GIVEN RECORDS →
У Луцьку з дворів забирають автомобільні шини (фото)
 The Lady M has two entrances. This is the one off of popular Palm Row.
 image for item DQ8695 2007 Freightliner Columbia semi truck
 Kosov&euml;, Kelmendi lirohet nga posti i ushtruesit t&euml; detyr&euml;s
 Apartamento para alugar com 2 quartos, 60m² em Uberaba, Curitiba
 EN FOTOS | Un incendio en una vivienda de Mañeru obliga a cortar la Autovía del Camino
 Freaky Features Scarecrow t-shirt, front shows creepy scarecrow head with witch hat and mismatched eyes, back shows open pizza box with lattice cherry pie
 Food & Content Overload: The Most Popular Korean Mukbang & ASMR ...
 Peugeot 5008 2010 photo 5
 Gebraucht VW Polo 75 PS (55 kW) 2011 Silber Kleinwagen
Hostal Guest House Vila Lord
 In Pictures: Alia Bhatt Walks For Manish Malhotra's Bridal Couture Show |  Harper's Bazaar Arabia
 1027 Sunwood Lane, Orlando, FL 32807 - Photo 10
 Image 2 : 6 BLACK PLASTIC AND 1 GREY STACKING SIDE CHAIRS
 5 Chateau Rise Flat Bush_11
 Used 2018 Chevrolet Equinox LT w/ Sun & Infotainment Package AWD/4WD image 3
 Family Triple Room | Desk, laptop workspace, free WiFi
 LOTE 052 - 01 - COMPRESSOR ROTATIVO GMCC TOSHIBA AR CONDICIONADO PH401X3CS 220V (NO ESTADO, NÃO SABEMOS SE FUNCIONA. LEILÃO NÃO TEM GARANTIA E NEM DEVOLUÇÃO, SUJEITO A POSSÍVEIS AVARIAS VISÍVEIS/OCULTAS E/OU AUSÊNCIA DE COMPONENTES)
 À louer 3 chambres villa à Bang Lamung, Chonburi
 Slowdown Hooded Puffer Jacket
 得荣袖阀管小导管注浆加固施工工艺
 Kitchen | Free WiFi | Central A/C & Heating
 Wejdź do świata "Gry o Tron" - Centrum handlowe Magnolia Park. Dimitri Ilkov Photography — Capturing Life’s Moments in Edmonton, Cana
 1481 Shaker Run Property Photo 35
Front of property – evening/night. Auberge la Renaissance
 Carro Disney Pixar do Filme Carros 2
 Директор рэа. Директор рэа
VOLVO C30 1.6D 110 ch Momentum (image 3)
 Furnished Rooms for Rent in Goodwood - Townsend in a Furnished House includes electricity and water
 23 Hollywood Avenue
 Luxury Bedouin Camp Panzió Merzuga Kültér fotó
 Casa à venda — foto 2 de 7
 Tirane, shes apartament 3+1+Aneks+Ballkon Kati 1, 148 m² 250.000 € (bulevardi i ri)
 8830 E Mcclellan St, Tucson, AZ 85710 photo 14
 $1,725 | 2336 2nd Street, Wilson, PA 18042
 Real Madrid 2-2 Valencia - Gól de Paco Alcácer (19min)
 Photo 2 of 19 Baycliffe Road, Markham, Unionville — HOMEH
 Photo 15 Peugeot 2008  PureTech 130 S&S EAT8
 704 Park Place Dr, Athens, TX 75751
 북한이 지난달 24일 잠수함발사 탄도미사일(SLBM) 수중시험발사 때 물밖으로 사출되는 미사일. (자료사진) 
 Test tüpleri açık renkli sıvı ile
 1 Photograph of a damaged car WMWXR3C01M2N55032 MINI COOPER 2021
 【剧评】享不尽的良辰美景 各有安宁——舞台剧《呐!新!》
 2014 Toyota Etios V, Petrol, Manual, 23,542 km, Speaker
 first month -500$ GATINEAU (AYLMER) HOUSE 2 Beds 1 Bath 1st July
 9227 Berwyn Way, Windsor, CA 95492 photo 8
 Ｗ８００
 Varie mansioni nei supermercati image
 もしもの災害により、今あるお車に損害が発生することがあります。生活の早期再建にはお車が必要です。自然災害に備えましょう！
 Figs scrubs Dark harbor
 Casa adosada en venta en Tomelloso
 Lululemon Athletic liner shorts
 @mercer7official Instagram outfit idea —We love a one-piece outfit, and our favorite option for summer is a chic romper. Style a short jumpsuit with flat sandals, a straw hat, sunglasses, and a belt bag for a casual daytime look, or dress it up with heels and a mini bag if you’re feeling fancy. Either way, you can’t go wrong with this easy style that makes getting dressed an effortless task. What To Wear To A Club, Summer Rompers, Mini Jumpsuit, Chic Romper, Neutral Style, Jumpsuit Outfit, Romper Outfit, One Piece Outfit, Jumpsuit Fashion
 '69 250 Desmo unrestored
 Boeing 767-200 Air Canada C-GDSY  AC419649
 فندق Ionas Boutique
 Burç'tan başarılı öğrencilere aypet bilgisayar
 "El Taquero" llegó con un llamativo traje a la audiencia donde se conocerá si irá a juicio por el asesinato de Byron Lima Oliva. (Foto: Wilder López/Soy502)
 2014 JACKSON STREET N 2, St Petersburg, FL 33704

WORK TO COMPLETE →
All that is wanted is the run of lines from the start of the data through the line containing "Gebraucht VW Polo", copied word for word.

WRITTEN REPLY →
У Луцьку з дворів забирають автомобільні шини (фото)
 The Lady M has two entrances. This is the one off of popular Palm Row.
 image for item DQ8695 2007 Freightliner Columbia semi truck
 Kosov&euml;, Kelmendi lirohet nga posti i ushtruesit t&euml; detyr&euml;s
 Apartamento para alugar com 2 quartos, 60m² em Uberaba, Curitiba
 EN FOTOS | Un incendio en una vivienda de Mañeru obliga a cortar la Autovía del Camino
 Freaky Features Scarecrow t-shirt, front shows creepy scarecrow head with witch hat and mismatched eyes, back shows open pizza box with lattice cherry pie
 Food & Content Overload: The Most Popular Korean Mukbang & ASMR ...
 Peugeot 5008 2010 photo 5
 Gebraucht VW Polo 75 PS (55 kW) 2011 Silber Kleinwagen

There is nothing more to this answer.